WHAT THE EXERCISE ASKS
In the records below, reproduce exactly the lines from the one containing "The Sony 30mm" through the one containing "While conventional washing", both included, and omit the pictures.

DATA TO USE
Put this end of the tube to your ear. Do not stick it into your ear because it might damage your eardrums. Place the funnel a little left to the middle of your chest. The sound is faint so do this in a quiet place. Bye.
...
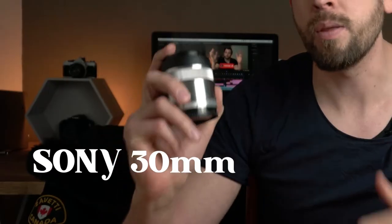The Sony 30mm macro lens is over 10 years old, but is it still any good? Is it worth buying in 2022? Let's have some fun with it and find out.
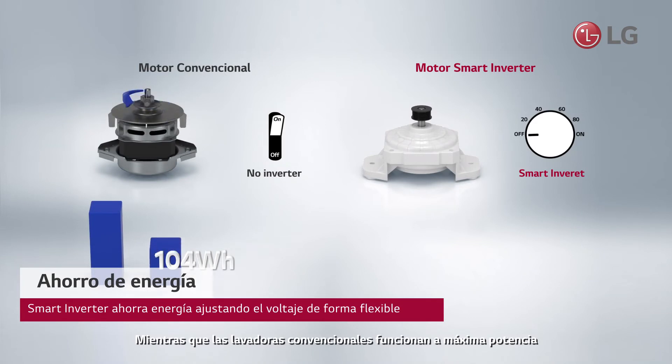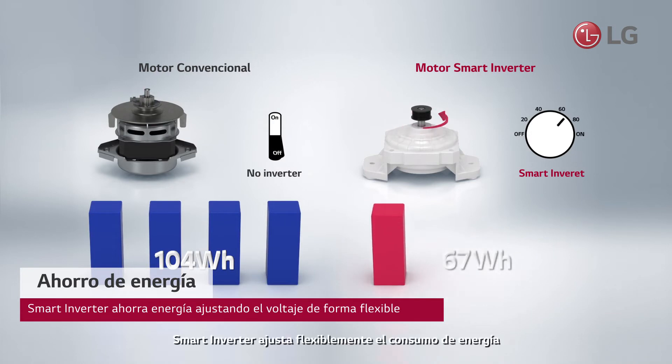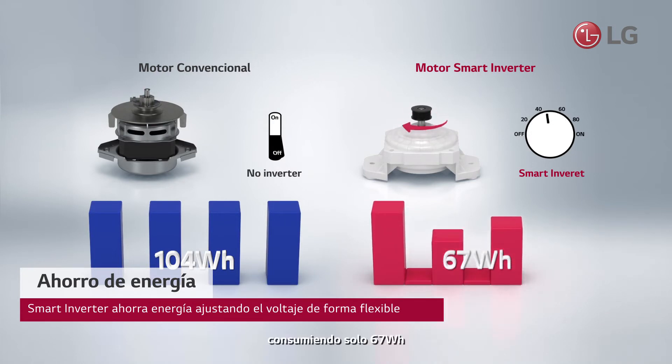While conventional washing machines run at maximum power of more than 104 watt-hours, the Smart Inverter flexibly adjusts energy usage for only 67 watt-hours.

RESPONSE BELOW
The Sony 30mm macro lens is over 10 years old, but is it still any good? Is it worth buying in 2022? Let's have some fun with it and find out.
While conventional washing machines run at maximum power of more than 104 watt-hours, the Smart Inverter flexibly adjusts energy usage for only 67 watt-hours.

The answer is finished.